Member of Parliament for Suhum Constituency
- In office 7 January 2005 – 6 January 2021
- Preceded by: Ransford Agyapong
- Succeeded by: Kwadjo Asante

Deputy Minister for Communications (Ghana)
- In office 2005 – 6 January 2009

Personal details
- Born: 5 September 1968 (age 57)
- Party: New Patriotic Party
- Alma mater: Nkawkaw Senior High School, Kwame Nkrumah University of Science and Technology
- Profession: Engineer
- Committees: Communications Committee, Public Accounts Committee and Finance and Business Committee

= Frederick Opare-Ansah =

Ghanaian politician and electrical engineer

Frederick Opare-Ansah (born September 5, 1968) is an Electrical Engineer and Ghanaian politician who was a member of the Fourth to Seventh Parliament of the Fourth Republic of Ghana representing the peole of Suhum Constituency in the Eastern Region on the ticket of the New Patriotic Party (NPP).

== Early life and education ==
Opare-Ansah was born on September 5, 1958. He hails from Amankokrom-Akuapem, a town in the Eastern Region of Ghana. He graduated from Kwame Nkrumah University of Science and Technology and obtained his Bachelor of Science degree in electrical engineering in 1994.

== Employment ==
Opare-Ansah worked as the managing director of Third Rail (Ghana) Limited. He is an Engineer by profession.

== Political career ==
Opare-Ansah is a member of the New Patriotic Party (NPP). He is a member of the 4th, 5th, 6th and 7th Parliaments of the 4th Republic of Ghana. He first became a member of the Parliament of Ghana, representing Suhum (Ghana parliament constituency) in January 2005 after emerging winner of his constituency polls in the 2004 Ghanaian general election in December.

He had run for 4 consecutive terms in office and represented his constituency in the 7th Parliament of Ghana. where he was the Chairperson of the Communications committee and was also a member of the committees on Finance and Business. In the 5th parliament of the 4th parliament of Ghana, he was the Minority Chief Whip. He was also a deputy minister for communication during President John Agyekum Kuffour's tenure from 2005-2008.

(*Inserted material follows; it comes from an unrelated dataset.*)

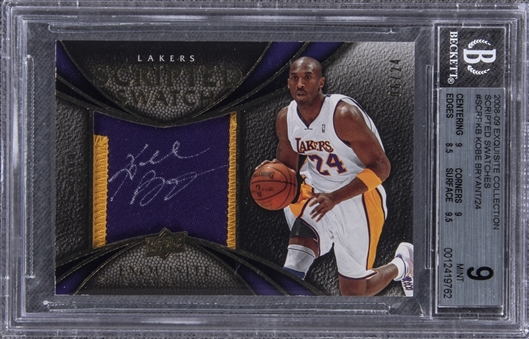 2008-09 UD "Exquisite Collection" Scripted Swatches #SCRPKB Kobe Bryant Signed Game Used Patch Card (#06/24) – BGS MINT 9/BGS 10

After losing his bid to become the general secretary of the New Patriotic Party in July 2022, he was appointed by the flagbearer and current vice president of Ghana, Mahamudu Bawumia as the campaign manager.

== Elections ==
Opare-Ansah represented the Suhum constituency as the Member of Parliament for the 5th parliament of the 4th republic of Ghana. He was elected on the ticket of the New Patriotic Party by obtaining 17,461 votes out of the 38,577 total valid votes cast, equivalent to 45.3% of total valid votes cast. He was elected over Jacob Kwaku Arkoh of the People's National Convention, Samuel Fleischer Kwabi of the National Democratic Congress, Francis Darby Kobena Inkoom of the Convention People's Party, Matilda Garbrah an independent candidate. These obtained 0.75%, 41.02%, 0.77% and 12.20% respectively of total valid votes cast.

He lost the New Patriotic Party parliamentary elections in 2021 to Kwadjo Asante with 272 votes out of 666 votes cast.

In March 2022, he declared his intention to run for the general secretary position of the New Patriotic Party. He however, polled 50 votes and lost the elections in July 2022 to Justin Koduah.

== Personal life ==
Opare-Ansah is a Christian. He is married.